Sterling and the other security officer set out with a med-tech in tow. But they didn't find him. Not by the time the Balthazaar's doctor had determined it was safe to beam up her three newest patients.

The Balthazaar was a big ship, and she carried two doctors in her crew. It only took one of them fifteen minutes to take care of Garak's leg. He was conscious when they brought Bashir in. Sisko was not, as his condition required more attention. He awoke a couple hours later.

"Did you find him?" was the first thing he asked.

The doctor tending him, a man in his mid-forties, nodded. "He's in surgery now, Captain. Just lie still."

"Surgery." Sisko felt better. Bashir was good at surgery. "Masaryk?"

The doctor shook his head. "I'm sorry, sir. Lieutenant Masaryk is dead."

Sisko looked around. Garak was there, lying on a biobed not far away, but far enough to be excluded from the conversation. So that ruled him out. "Then who's he operating on?"

"Oh," the doctor said, finally understanding. "He's not operating, Captain. He's being operated on. Abdominal trauma. Internal bleeding. He's been in there for ninety minutes. But don't worry, sir. Doctor Nasarra is as good as they come." The doctor walked away, leaving Sisko to ponder his statement.
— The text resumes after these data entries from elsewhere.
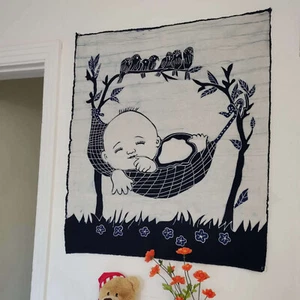 Batik Tapestry,  Indigo Cotton Wall Hanging, 30x35'' - Smile baby in a Hammock - Picture 1 of 8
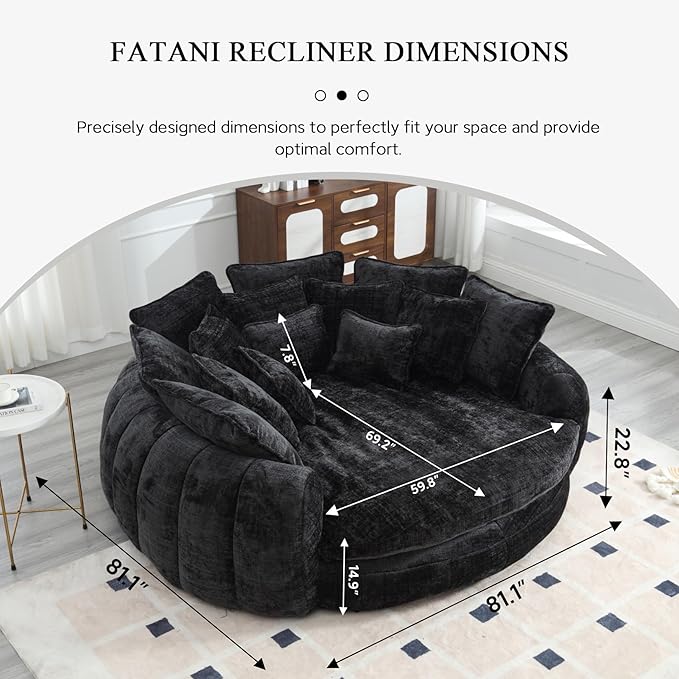 81.1 Oversized Round Chaise Lounge Chair Extra-Wide 2-Person Accent Chair with 14 Pillows Comfy Cloud Sleeper Sofa for Living Room (Black)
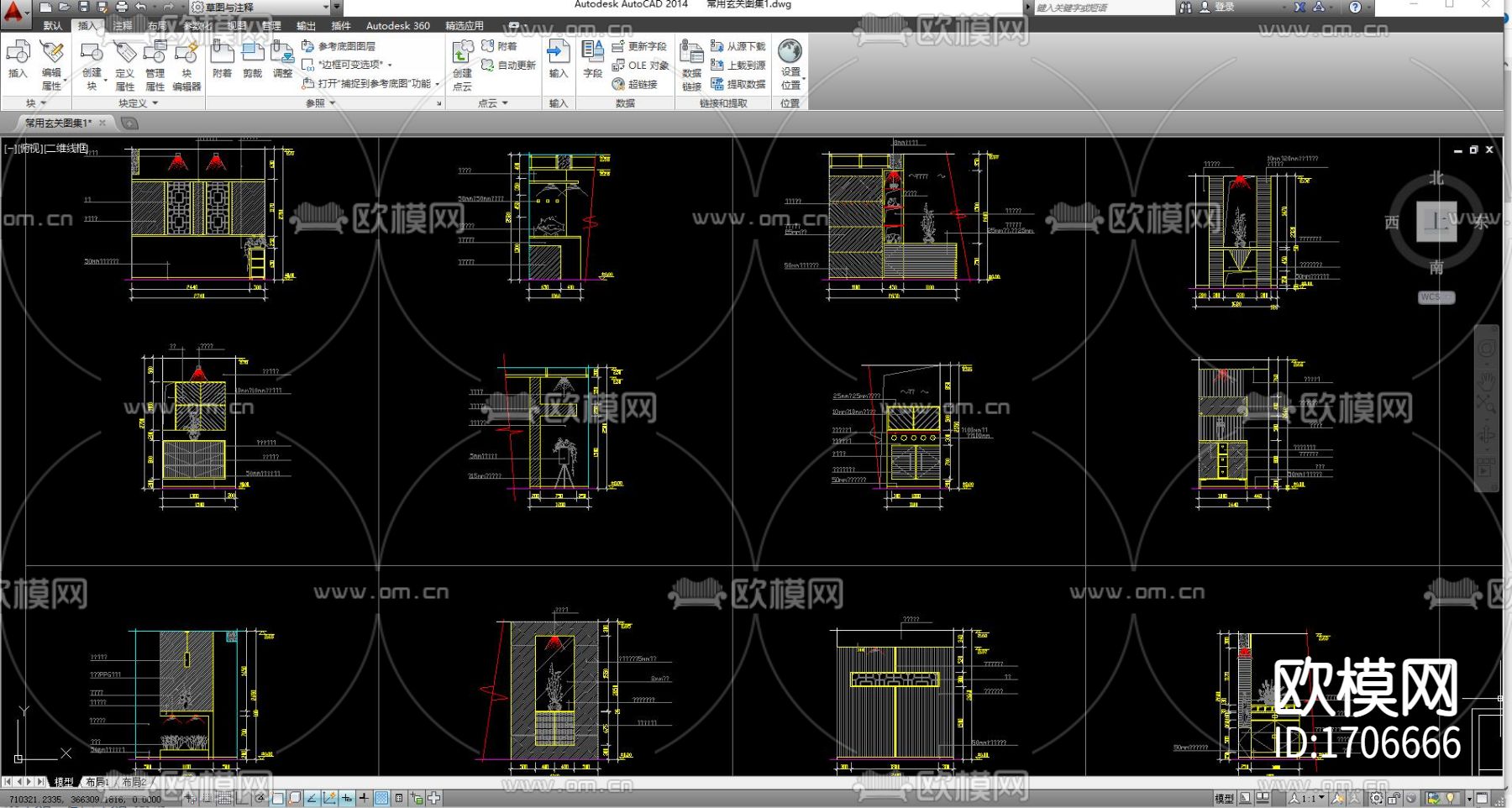 常用玄关cad图库下载（渲染图2）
"He hid it well," Garak said. He'd heard after all. "They found him twenty meters away. He never made it to the stream."

"He didn't have time," Sisko said, remembering the doctor's words. Bashir had known all along.

Sisko was tired, but he didn't sleep. He watched one of the lights on the panel beside his bed and counted as it blinked. At seven hundred forty-three, the doors to surgery opened and Bashir was placed on the neighboring biobed. Sisko didn't ask, for fear of interrupting the doctor. But he stared hard at Nasarra and at Bashir's face until she was done.

She felt it. "He lost a lot of blood, but he's going to be fine, Captain. Just give him time."

Sisko waited until she walked away. "Why didn't he tell us?"

"What good would it have done?" Garak answered with his own question. "What would our morale have been if we knew we were injured and stranded on that moon with a dying doctor? We survived because he didn't tell us. He did his job."

"The health of my patients will be my first consideration."